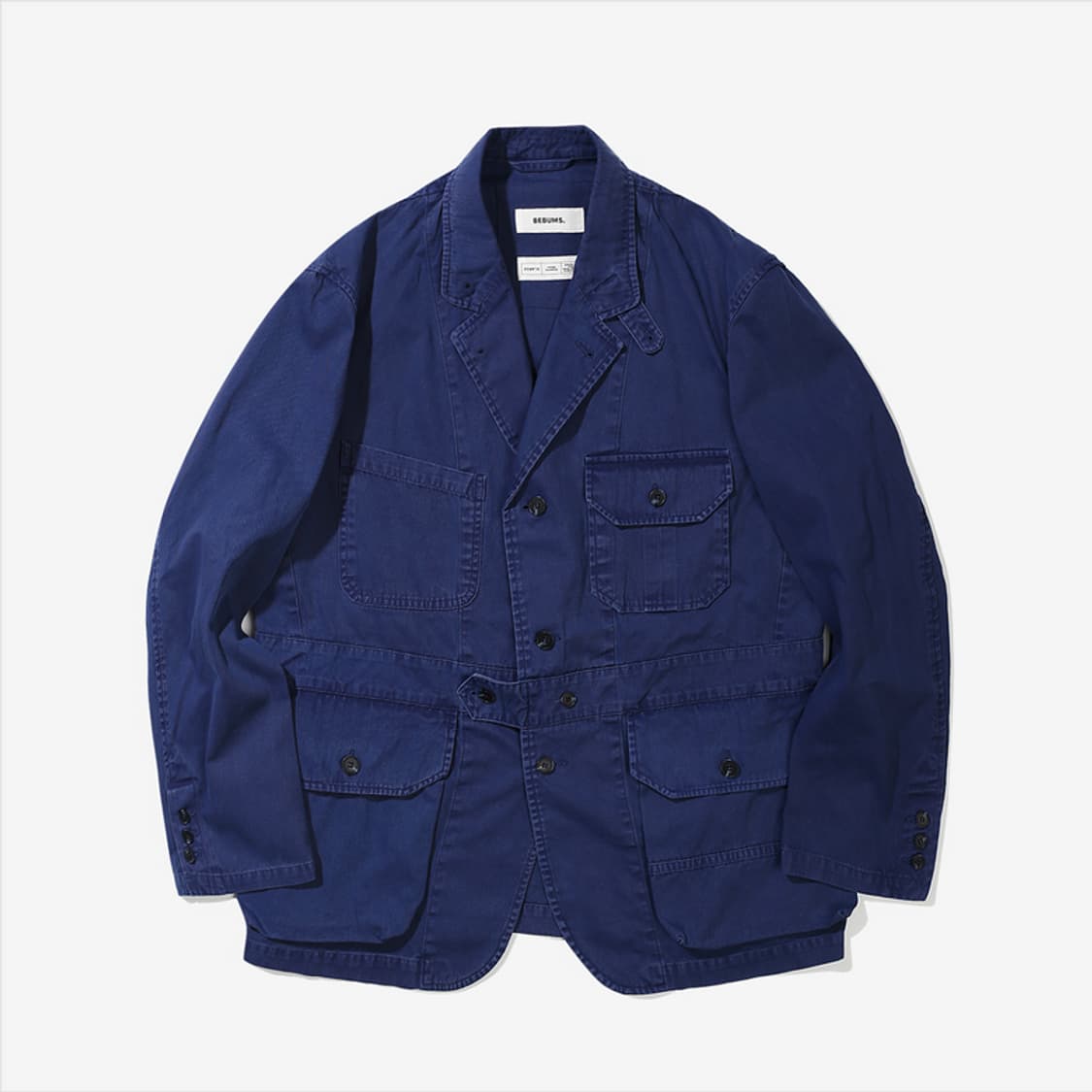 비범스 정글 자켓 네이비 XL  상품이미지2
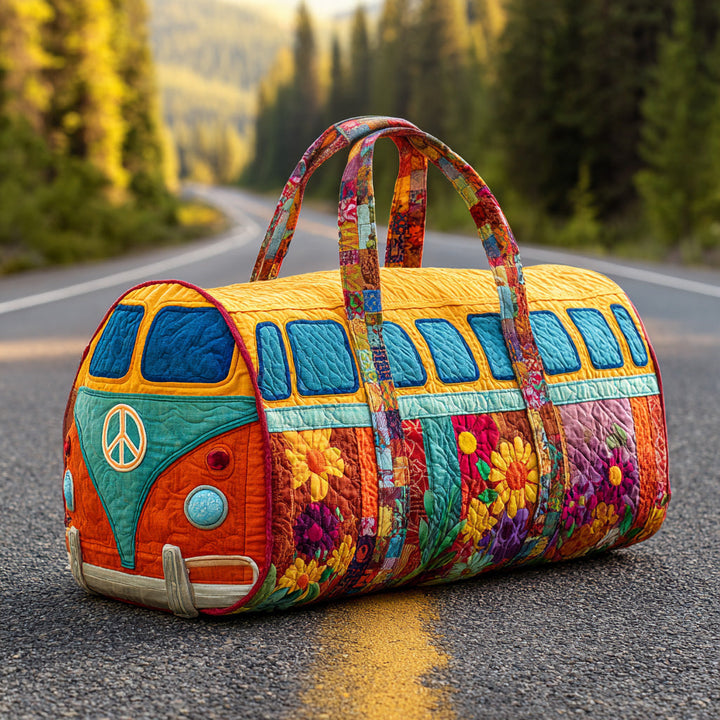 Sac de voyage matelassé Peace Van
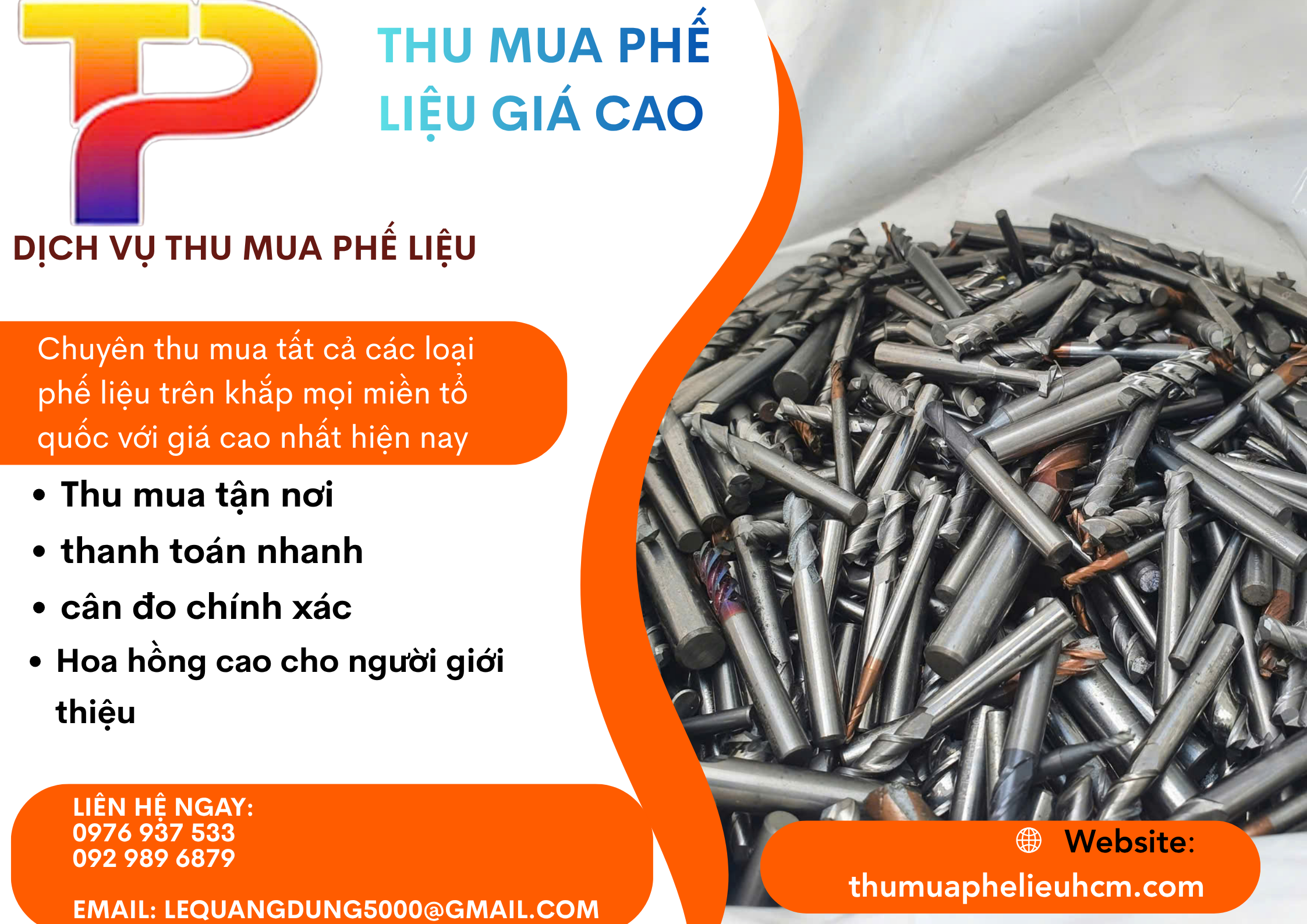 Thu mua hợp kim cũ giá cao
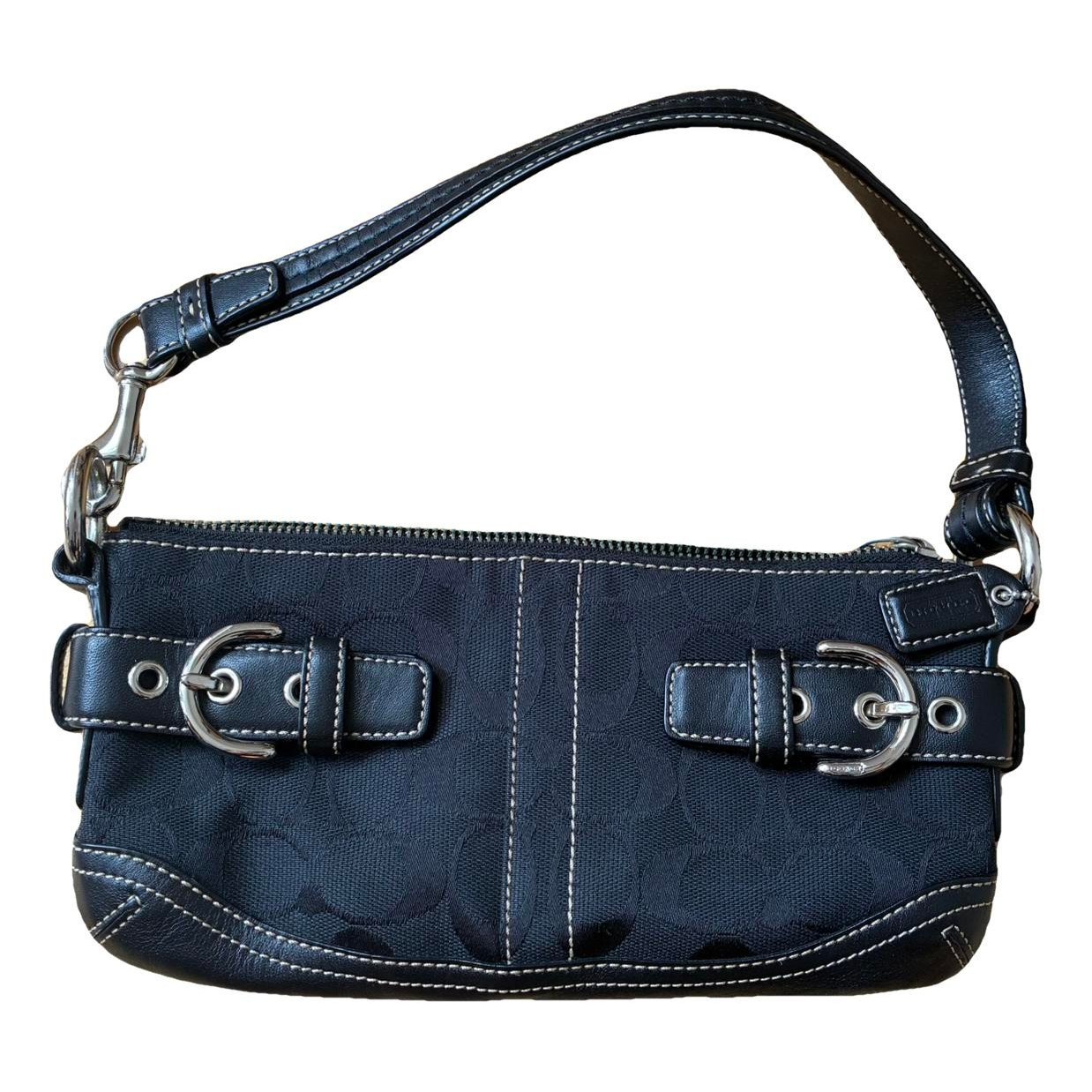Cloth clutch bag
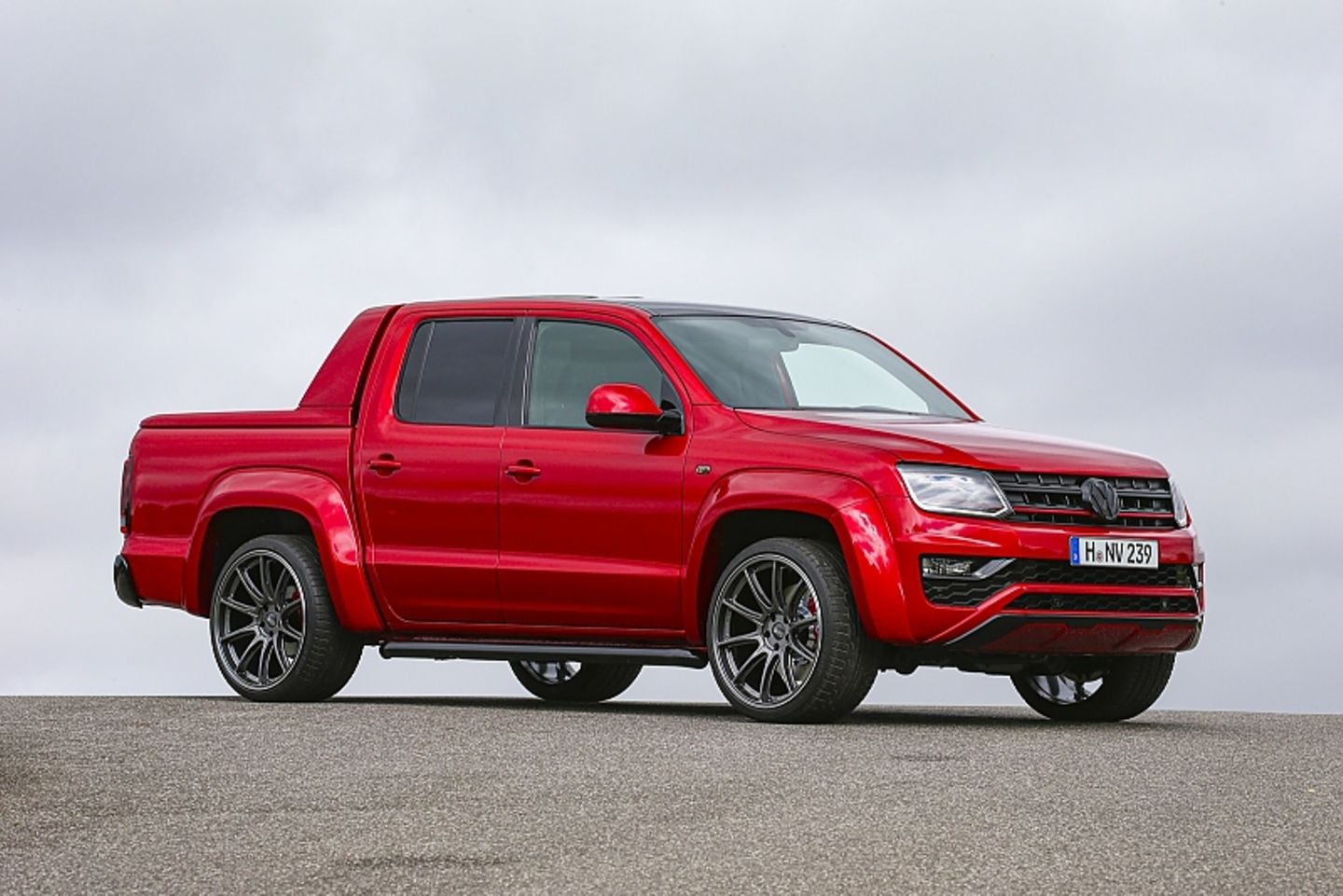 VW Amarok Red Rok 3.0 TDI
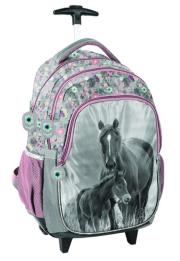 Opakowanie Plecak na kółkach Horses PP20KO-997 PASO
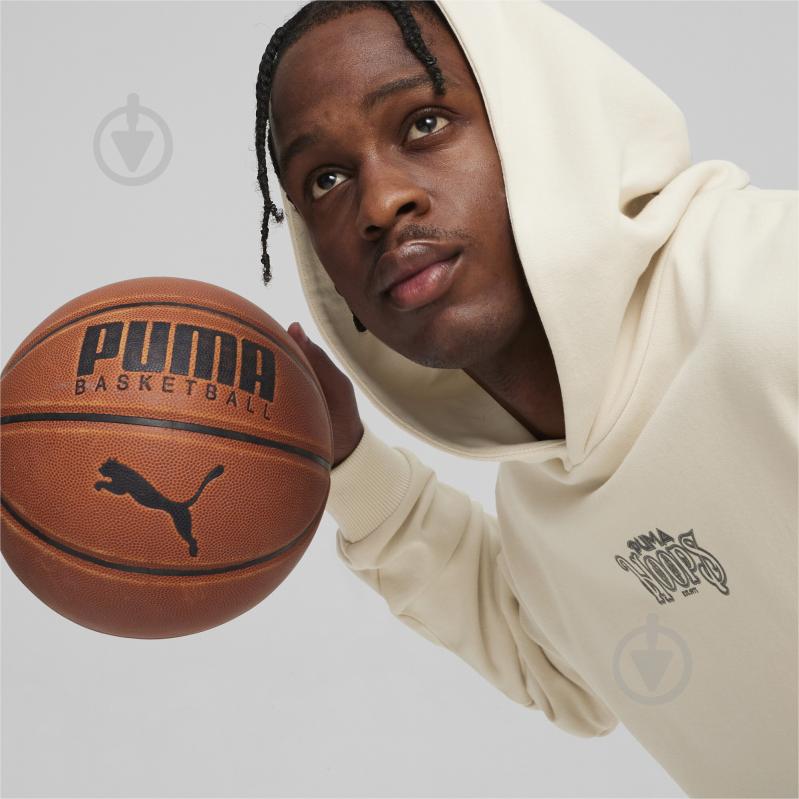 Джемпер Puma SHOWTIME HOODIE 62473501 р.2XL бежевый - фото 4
________________
Directions for this task: If an entry contains a picture, leave it out and repeat the rest exactly.

Your response:
 비범스 정글 자켓 네이비 XL  상품이미지2
 Sac de voyage matelassé Peace Van
 Thu mua hợp kim cũ giá cao
Cloth clutch bag
 VW Amarok Red Rok 3.0 TDI
 Opakowanie Plecak na kółkach Horses PP20KO-997 PASO
 Джемпер Puma SHOWTIME HOODIE 62473501 р.2XL бежевый - фото 4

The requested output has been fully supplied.